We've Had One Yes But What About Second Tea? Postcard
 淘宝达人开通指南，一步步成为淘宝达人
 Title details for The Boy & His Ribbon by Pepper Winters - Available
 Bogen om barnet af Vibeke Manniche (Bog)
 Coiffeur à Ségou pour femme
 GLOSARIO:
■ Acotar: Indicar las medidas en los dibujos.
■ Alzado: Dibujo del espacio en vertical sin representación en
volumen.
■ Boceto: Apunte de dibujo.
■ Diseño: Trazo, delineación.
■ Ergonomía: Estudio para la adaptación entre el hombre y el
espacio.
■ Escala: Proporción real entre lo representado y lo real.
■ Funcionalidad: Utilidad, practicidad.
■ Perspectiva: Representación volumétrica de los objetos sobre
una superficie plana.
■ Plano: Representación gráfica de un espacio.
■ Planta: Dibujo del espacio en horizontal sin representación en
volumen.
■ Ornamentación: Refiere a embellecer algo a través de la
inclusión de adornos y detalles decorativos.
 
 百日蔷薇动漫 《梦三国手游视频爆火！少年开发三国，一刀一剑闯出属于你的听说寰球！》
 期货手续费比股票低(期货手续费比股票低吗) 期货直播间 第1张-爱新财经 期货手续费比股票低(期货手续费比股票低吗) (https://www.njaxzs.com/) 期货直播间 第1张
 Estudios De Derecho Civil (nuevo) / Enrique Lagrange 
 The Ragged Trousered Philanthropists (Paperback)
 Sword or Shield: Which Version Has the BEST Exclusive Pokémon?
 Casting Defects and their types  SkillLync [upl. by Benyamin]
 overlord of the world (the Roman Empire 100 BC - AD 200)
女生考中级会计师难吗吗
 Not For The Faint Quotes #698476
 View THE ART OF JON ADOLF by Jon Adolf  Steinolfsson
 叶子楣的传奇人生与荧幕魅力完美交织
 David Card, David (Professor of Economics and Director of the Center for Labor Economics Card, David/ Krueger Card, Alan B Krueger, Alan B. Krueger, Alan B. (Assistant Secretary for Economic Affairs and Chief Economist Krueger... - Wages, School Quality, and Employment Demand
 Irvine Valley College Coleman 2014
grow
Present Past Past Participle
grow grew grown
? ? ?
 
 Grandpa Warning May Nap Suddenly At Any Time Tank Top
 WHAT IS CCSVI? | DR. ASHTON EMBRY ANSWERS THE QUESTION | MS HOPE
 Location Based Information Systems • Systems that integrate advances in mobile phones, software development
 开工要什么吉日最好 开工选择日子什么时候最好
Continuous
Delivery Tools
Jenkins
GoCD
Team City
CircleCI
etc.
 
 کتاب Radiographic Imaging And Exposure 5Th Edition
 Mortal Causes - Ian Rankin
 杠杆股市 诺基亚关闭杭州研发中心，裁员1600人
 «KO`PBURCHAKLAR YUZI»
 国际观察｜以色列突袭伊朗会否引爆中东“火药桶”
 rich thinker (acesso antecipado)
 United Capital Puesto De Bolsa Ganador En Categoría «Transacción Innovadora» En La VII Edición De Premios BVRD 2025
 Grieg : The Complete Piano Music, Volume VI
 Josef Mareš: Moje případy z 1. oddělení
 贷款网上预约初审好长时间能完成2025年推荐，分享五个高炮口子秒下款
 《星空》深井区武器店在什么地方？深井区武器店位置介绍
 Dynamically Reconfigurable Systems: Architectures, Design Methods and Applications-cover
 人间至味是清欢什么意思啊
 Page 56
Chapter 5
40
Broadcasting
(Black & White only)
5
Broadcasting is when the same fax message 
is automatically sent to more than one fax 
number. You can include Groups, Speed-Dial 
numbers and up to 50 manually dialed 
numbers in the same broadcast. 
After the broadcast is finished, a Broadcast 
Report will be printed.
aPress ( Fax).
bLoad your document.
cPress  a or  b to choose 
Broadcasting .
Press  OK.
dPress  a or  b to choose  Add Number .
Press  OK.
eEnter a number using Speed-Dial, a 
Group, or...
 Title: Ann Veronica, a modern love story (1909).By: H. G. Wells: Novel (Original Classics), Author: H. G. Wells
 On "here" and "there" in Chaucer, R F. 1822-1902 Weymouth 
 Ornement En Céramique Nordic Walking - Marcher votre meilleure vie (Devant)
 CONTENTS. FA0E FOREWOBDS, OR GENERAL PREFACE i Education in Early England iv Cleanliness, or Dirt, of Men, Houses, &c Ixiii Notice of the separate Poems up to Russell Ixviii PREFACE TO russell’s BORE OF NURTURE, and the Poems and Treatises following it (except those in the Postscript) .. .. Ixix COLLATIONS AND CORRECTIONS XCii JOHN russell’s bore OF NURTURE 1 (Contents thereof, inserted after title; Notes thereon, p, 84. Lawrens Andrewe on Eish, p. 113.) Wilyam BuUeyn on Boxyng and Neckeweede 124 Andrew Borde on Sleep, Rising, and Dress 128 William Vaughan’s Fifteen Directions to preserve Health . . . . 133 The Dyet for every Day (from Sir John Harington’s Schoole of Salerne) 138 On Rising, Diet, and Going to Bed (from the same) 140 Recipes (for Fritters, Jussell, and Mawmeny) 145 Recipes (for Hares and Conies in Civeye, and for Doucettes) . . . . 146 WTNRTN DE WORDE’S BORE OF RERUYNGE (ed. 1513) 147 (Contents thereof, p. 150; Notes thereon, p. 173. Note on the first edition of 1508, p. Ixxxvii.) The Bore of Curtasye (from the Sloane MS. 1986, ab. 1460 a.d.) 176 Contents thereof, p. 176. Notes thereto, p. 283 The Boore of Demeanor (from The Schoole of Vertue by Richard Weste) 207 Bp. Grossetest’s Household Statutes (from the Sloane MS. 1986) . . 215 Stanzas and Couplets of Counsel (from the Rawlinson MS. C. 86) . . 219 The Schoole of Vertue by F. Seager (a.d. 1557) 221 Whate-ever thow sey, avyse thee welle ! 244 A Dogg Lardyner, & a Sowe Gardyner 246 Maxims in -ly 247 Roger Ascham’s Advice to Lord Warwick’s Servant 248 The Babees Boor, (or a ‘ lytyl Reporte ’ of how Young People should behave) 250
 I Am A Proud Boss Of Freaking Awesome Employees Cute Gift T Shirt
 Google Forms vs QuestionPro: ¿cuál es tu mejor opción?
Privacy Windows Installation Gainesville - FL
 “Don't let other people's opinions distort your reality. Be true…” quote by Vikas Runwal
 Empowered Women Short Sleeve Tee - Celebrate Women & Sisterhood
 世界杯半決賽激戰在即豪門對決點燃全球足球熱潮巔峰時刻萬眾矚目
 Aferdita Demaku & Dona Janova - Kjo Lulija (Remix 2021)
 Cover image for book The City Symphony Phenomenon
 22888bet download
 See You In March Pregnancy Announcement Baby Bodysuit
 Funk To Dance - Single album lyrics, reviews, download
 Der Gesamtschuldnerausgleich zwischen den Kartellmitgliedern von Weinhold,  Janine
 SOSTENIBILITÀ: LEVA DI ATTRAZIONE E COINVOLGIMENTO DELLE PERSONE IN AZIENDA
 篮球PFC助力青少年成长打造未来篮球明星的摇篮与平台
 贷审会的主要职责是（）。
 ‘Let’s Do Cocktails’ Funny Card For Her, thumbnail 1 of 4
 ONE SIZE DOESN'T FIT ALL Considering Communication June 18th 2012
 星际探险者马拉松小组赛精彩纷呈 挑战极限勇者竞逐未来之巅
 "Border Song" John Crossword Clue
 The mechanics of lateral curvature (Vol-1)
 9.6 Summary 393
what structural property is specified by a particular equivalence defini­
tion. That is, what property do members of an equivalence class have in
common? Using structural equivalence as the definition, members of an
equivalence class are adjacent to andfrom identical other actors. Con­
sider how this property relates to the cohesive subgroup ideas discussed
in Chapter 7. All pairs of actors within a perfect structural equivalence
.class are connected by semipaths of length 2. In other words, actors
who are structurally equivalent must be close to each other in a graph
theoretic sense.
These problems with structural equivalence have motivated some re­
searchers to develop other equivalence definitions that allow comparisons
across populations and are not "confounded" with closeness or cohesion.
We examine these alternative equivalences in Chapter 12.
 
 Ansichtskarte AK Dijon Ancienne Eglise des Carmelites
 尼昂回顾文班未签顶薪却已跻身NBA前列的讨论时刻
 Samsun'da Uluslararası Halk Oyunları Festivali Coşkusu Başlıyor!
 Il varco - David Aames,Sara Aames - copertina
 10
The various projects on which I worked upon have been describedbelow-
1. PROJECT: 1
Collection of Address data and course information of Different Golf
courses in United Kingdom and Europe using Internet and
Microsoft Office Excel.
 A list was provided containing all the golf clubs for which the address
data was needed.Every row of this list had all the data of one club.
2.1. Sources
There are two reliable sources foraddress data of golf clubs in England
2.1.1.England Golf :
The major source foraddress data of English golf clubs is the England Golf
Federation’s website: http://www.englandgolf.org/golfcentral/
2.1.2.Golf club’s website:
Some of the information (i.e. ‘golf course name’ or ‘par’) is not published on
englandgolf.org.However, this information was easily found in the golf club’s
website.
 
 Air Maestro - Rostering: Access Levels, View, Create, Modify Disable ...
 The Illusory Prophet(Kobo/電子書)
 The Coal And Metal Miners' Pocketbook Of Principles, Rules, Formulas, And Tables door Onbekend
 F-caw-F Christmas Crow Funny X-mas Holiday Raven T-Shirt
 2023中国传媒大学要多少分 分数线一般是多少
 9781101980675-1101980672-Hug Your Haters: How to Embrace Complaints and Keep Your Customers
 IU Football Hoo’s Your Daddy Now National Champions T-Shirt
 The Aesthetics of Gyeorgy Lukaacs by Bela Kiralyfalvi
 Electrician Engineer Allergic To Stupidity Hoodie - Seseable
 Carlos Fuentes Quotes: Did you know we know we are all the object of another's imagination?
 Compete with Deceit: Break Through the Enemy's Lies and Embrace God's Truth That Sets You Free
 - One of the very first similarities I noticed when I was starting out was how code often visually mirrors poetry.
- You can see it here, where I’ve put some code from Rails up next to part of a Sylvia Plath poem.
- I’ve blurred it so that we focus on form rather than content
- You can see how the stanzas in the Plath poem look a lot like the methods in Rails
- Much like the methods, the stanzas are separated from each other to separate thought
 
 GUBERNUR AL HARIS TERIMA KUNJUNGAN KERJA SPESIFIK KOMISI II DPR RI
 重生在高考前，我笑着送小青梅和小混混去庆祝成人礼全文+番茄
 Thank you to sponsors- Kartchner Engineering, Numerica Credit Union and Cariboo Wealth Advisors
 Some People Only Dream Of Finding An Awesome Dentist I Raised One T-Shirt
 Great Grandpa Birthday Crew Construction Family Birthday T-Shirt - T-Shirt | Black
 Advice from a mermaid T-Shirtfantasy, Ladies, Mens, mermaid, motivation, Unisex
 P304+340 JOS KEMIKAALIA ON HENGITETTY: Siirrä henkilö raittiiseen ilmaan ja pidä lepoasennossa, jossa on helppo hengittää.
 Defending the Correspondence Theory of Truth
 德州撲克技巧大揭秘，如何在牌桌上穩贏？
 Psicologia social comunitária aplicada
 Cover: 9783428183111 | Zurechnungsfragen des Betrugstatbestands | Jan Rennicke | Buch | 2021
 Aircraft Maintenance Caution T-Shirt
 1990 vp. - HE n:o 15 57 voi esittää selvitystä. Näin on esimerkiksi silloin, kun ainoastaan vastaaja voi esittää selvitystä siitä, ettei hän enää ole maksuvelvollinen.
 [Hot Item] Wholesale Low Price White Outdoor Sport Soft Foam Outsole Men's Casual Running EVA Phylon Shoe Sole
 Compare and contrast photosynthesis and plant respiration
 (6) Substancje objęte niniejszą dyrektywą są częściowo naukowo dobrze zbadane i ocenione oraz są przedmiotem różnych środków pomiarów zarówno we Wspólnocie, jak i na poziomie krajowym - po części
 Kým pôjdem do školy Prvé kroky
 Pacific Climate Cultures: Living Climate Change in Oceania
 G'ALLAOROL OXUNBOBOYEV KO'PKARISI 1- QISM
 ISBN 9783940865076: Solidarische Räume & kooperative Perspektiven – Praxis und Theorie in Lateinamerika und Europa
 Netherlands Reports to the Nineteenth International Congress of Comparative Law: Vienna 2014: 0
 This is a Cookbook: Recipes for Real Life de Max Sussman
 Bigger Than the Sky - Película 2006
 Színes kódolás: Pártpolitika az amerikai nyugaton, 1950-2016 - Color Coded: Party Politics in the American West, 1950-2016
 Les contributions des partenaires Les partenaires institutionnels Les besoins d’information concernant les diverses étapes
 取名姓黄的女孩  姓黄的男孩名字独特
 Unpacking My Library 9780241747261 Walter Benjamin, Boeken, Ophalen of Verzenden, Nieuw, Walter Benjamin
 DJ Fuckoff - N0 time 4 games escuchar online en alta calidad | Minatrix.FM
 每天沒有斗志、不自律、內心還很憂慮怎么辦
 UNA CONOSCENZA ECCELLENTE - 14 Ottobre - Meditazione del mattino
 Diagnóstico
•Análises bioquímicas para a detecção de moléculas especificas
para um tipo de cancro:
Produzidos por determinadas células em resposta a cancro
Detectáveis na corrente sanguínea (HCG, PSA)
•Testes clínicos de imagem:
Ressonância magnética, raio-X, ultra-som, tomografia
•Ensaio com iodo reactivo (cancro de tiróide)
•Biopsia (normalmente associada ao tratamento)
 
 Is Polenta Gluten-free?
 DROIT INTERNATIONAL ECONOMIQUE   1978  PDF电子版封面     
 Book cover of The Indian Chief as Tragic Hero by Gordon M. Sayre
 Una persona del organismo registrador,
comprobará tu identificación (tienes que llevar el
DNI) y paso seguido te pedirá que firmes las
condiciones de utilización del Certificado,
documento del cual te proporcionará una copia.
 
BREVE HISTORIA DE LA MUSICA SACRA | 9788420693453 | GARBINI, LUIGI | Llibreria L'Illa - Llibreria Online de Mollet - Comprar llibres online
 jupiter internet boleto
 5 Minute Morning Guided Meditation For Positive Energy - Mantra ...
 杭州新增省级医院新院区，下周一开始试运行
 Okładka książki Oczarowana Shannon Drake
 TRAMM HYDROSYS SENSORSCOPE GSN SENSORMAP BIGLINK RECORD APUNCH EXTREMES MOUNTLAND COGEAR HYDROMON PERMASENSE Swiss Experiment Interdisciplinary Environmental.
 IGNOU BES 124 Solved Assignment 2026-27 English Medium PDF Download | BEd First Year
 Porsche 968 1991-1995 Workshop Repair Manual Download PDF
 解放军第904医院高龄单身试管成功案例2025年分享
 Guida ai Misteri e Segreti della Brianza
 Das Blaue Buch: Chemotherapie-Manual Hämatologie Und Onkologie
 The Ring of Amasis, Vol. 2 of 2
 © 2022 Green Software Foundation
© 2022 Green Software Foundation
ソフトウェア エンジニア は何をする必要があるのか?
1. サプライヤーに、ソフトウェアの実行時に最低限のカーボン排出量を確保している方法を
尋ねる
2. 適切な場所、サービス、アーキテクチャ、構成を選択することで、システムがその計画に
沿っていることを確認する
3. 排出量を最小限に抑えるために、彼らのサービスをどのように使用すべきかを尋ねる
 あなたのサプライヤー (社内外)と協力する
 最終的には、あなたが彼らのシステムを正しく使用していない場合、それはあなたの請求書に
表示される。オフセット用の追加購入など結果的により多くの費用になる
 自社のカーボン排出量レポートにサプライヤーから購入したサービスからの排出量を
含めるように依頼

:: Goal of the exercise ::
In the listing above, find the line containing "德州撲克技巧大揭秘，如何在牌桌上穩贏？" and the line containing "Book cover of". Output them and every line between, exactly, and nothing else.

:: Result for this task ::
 德州撲克技巧大揭秘，如何在牌桌上穩贏？
 Psicologia social comunitária aplicada
 Cover: 9783428183111 | Zurechnungsfragen des Betrugstatbestands | Jan Rennicke | Buch | 2021
 Aircraft Maintenance Caution T-Shirt
 1990 vp. - HE n:o 15 57 voi esittää selvitystä. Näin on esimerkiksi silloin, kun ainoastaan vastaaja voi esittää selvitystä siitä, ettei hän enää ole maksuvelvollinen.
 [Hot Item] Wholesale Low Price White Outdoor Sport Soft Foam Outsole Men's Casual Running EVA Phylon Shoe Sole
 Compare and contrast photosynthesis and plant respiration
 (6) Substancje objęte niniejszą dyrektywą są częściowo naukowo dobrze zbadane i ocenione oraz są przedmiotem różnych środków pomiarów zarówno we Wspólnocie, jak i na poziomie krajowym - po części
 Kým pôjdem do školy Prvé kroky
 Pacific Climate Cultures: Living Climate Change in Oceania
 G'ALLAOROL OXUNBOBOYEV KO'PKARISI 1- QISM
 ISBN 9783940865076: Solidarische Räume & kooperative Perspektiven – Praxis und Theorie in Lateinamerika und Europa
 Netherlands Reports to the Nineteenth International Congress of Comparative Law: Vienna 2014: 0
 This is a Cookbook: Recipes for Real Life de Max Sussman
 Bigger Than the Sky - Película 2006
 Színes kódolás: Pártpolitika az amerikai nyugaton, 1950-2016 - Color Coded: Party Politics in the American West, 1950-2016
 Les contributions des partenaires Les partenaires institutionnels Les besoins d’information concernant les diverses étapes
 取名姓黄的女孩  姓黄的男孩名字独特
 Unpacking My Library 9780241747261 Walter Benjamin, Boeken, Ophalen of Verzenden, Nieuw, Walter Benjamin
 DJ Fuckoff - N0 time 4 games escuchar online en alta calidad | Minatrix.FM
 每天沒有斗志、不自律、內心還很憂慮怎么辦
 UNA CONOSCENZA ECCELLENTE - 14 Ottobre - Meditazione del mattino
 Diagnóstico
•Análises bioquímicas para a detecção de moléculas especificas
para um tipo de cancro:
Produzidos por determinadas células em resposta a cancro
Detectáveis na corrente sanguínea (HCG, PSA)
•Testes clínicos de imagem:
Ressonância magnética, raio-X, ultra-som, tomografia
•Ensaio com iodo reactivo (cancro de tiróide)
•Biopsia (normalmente associada ao tratamento)
 
 Is Polenta Gluten-free?
 DROIT INTERNATIONAL ECONOMIQUE   1978  PDF电子版封面     
 Book cover of The Indian Chief as Tragic Hero by Gordon M. Sayre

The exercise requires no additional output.